For example, Bentley Bear uses 160A backgrounds and 160B sprites.

 

For tiles, that's 3 colors + a background (which can change between zones, as is done in that game) for each displayed set of tiles. You can have multiple sets of displayed tiles with different palettes within each zone, but the more different ones you have, the more Maria time it takes.

 

For sprites, that's 12 colors and you can choose between 2 palettes for each sprite. The only drawback is that pixels are twice as wide as high.

 

I've used 320B mode for some of my games, and that is a little more tricky. You only have two palettes with at most 3 colors in each (without some trickery, you only have 2). Rikki & Vikki uses this mode in a masterful way, and I'm amazed with what they have done. Scramble uses 320B mode for everything, with transparency for the scrolling playfield.

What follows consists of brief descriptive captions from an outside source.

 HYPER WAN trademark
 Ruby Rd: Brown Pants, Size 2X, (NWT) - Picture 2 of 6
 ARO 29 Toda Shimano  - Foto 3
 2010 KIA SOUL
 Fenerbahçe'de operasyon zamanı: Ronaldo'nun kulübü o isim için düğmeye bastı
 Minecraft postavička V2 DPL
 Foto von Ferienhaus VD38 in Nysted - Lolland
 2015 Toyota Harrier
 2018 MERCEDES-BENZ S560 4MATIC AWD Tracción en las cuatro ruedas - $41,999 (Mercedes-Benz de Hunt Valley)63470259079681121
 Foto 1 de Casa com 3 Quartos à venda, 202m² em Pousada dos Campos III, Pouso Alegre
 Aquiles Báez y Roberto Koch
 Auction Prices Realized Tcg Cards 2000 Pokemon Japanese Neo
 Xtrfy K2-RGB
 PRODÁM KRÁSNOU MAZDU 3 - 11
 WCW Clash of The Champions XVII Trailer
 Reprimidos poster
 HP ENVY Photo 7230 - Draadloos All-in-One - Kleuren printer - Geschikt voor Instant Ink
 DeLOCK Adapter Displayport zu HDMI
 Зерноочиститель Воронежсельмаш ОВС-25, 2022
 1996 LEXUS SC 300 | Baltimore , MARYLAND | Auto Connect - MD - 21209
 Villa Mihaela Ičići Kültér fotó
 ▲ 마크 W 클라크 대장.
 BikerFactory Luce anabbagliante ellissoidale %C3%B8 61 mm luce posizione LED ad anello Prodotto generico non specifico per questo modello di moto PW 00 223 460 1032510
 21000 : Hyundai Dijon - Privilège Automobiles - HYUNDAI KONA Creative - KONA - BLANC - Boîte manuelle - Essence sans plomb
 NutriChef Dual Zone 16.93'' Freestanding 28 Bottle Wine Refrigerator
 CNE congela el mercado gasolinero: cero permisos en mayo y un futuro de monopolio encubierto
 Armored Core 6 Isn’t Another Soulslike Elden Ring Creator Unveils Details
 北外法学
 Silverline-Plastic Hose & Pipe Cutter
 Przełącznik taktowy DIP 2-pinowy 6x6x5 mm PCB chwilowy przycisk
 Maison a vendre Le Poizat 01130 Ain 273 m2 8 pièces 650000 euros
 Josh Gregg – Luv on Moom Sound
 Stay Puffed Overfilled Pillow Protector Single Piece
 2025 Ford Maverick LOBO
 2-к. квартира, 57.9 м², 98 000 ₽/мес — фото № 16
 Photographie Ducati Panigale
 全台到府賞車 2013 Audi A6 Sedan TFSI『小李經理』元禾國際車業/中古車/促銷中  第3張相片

Berzerk / Frenzy uses 320A mode. (7 palettes, one color in each). I needed to fill the screen with the mazes, and 320B mode would have taken too long. There is a bit of slowdown already without it. This is why the walls are only one color. I could have broken up the tile mode into different sections while drawing the maze to get the additional colors, but that would have taken too much Maria time for all of the different tile modes that would need to be added to the DLs.

 

I guess the point is what TailChao said in his first response. The 7800 could run just about anything the others could. It's just a matter of, if you need to have a limitation, where it would be: the number of colors, or the resolution.

 

Sound is a horse of a different color. Including a Pokey (or another sound chip like BupSystem) would take care of the sound issue.